I think getting the ground work right is vital and that’s the process Nepal is in the middle of right now. Once you get that going, that’s when all the opportunity opens up and you can speed up. The process works also on economic growth because Nepal, after all, is situated between two big markets: China and India.
You have been to other post-conflict countries as UNDP’s Goodwill Ambassador. How do you compare Nepal’s development in relation to these countries?
Well, there are some similarities. First of all, a conflict is
the most expensive thing you can ever do. And of course people come out with traumas, so there are some
similarities. But every country is unique and every situation is unique. It’s also important to look at Nepal on its own. For instance, the young ex-combatants learning skills and being able to start up their own companies. I talked to a girl who is running her own beauty parlour now used to be a member of the Maoist army. And a young man who was repairing the bicycle too used to be part of the Maoist army. I think that’s a positive development.
As UNDP’s Goodwill Ambassador your major focus is on MDGs. Though noble, don’t you think these goals are quite ambitious? Many countries are sure to miss the target by 2015.
They are ambitious. I agree in a sense. For instance when it comes to education, we want a 100 percent
coverage of primary education. And the target of 100 percent is difficult and when we get to the high 90 percent, it obviously slows down. These are high goals, but the
positive side is that in aggregate, worldwide there’s been progress in every single loop. Even on official development aid where last year, the year 2010, was the year when most money has been transferred from the rich countries to developing countries in development aid. So all these things are moving in the right direction; some of them quickly enough to actually meet the targets but some of them are falling even behind. And we need to accelerate the speed. Then again it’s unevenly distributed. I think the MDGs have been very efficient in giving us some targets that are concrete, that we can measure more or less and giving us a common goal that we have been able to
work together.
Now a lot of success in the MDG hinges on contribution in development aid by rich countries. The UN’s assessment states that an additional 48 to 74 billion dollars annually will be needed to meet these goals by 2015. Given the financial crisis of the western world do you think that the money can be generated?
I think we can generate more, but still it is a big challenge. The current financial crisis is affecting the world’s
economy. And also we have other issues such as climate change which might hamper development further. Sometimes, I think, we used to stand on the shoulders of giants to come as far as we are now. But now we are more and more standing on the shoulders of our kids because we are borrowing from the future in the financial crisis.
You have described development as “fighting poverty and expanding people’s choice,” but closing the gap between the rich and the poor looks increasingly difficult, not just in developing countries but also in developed countries.

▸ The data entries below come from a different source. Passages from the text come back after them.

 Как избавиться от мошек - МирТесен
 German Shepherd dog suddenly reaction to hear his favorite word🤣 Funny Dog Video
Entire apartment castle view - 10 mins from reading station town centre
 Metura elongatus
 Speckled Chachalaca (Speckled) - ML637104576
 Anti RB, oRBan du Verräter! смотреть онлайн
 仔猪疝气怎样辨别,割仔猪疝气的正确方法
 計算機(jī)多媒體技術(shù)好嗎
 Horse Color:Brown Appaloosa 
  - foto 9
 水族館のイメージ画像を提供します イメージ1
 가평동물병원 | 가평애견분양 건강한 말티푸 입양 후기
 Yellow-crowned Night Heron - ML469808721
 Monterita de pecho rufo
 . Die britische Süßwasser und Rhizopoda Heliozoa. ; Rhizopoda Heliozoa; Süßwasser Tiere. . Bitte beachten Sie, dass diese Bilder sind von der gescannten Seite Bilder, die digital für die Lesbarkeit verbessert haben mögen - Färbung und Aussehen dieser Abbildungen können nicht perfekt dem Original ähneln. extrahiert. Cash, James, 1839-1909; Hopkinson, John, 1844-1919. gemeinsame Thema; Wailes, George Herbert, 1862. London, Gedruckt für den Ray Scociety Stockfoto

I think inequality also needs to be addressed. We have to make sure that the worst off groups are part of the positive changes that are happening—because that is the best way for creating stability. And it is good for the poor obviously. But it is also good for the people with resources in rich countries because it will be a more stable world, and if you do it in a country it is more stable country. So this is something of a win-win situation and good for everyone in the long term.